Und wie gelangt der „Shit” vom Produzenten/Händler zum Schüler? Schnittstellen seien in der Regel Kuriere, Durchschnittsmenschen, kaum zu erkennen, beschreibt Dieter Stahlke, Komissariatsleiter Rauschgiftkriminalität in Essen. „Das sind oftmals unbescholtene Leute, Rentner, die das für ihre Enkel machen. Die fahren mit einem silbernen Golf über Grenze und stellen ihn mit einer Sporttasche im unabgeschlossenen Kofferraum auf dem Parkplatz des Centro oder des Ruhrparks ab.”

Der Abnehmer teile das Marihuana – einige Kilogramm – in Portionen auf, der nächste Kunde wieder in kleinere und so weiter. Mengen bis zu 50 Gramm würden zum Beispiel in Essen-Altendorf oder an der Steeler Straße gedealt. „Wer dort langsam geht und suchend schaut, wird angesprochen.
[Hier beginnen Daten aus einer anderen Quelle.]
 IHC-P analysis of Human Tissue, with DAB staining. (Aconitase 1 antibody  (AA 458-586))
Brauchst du was?”

Ecstasy im Badezimmer

Obwohl sich die synthetischen Drogen auf dem Rückzug befinden, stehen sie in der Hitliste der Polizei NRW mit 14,7 Prozent aller Rauschgiftdelikte immer noch an zweiter Stelle. Ein dicker Fisch ging der Zollfahndung Essen 2009 ins Netz: ein mobiles Labor mit 629 Kilogramm Grundstoffen zur Amphetaminherstellung . „Weil NRW die größten Chemiestandorte hat, kommen die meisten Grundstoffe von hier”, weiß Kleine.
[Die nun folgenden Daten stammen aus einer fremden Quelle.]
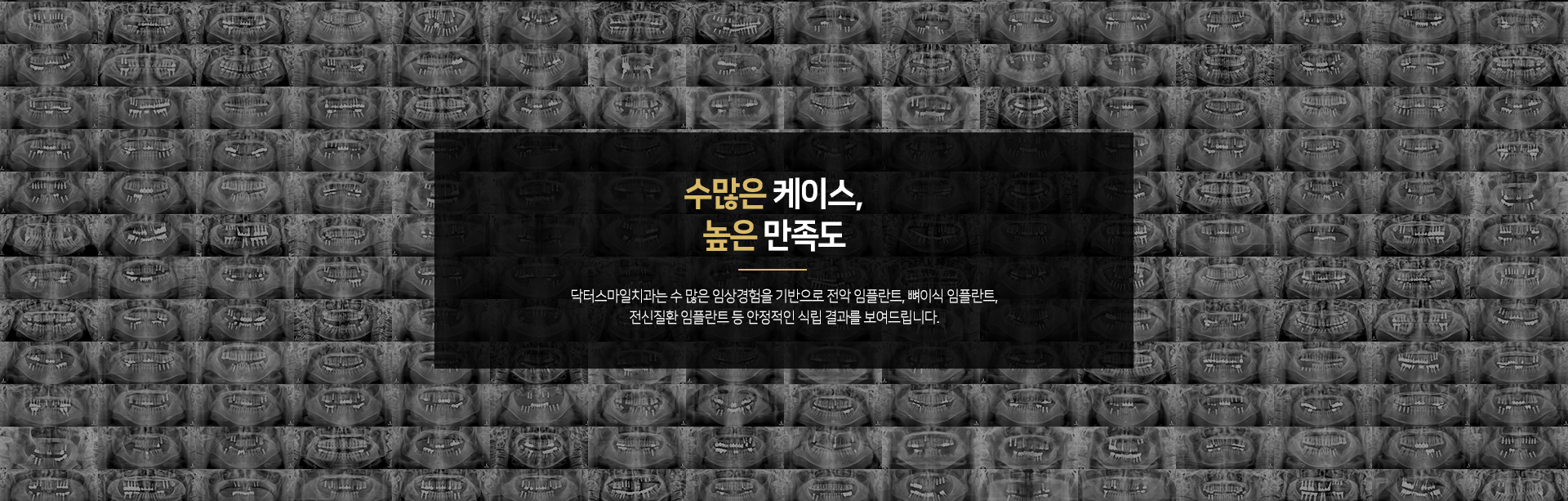 수많은 케이스 높은 만족도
Ecstasy oder Amphetamine würden in Küchenlaboren oder Badezimmern hergestellt und im lokalen und regionalen Bereich verkauft oder im großen Stil in alten Fabrikhallen und Scheunen produziert. „Die Grundstoffe unterliegen einem Handelsverbot, und die Industrie muss die Polizei bei größeren Verkäufen auf dem Laufenden halten. Über diese Listen bekommen wir Hinweise zu Banden”, so Kleine.

Im Gegensatz zu Cannabis, wo die Niederländer bei der Verfolgung relativ entkrampft vorgingen, würden sie bei Amphetaminen kein Pardon kennen. Auch hier sei der „Markt” aber schwer kontrollierbar, weil Schüler Partydrogen im Kleinsthandel unter sich verteilten – wie Studentenfutter.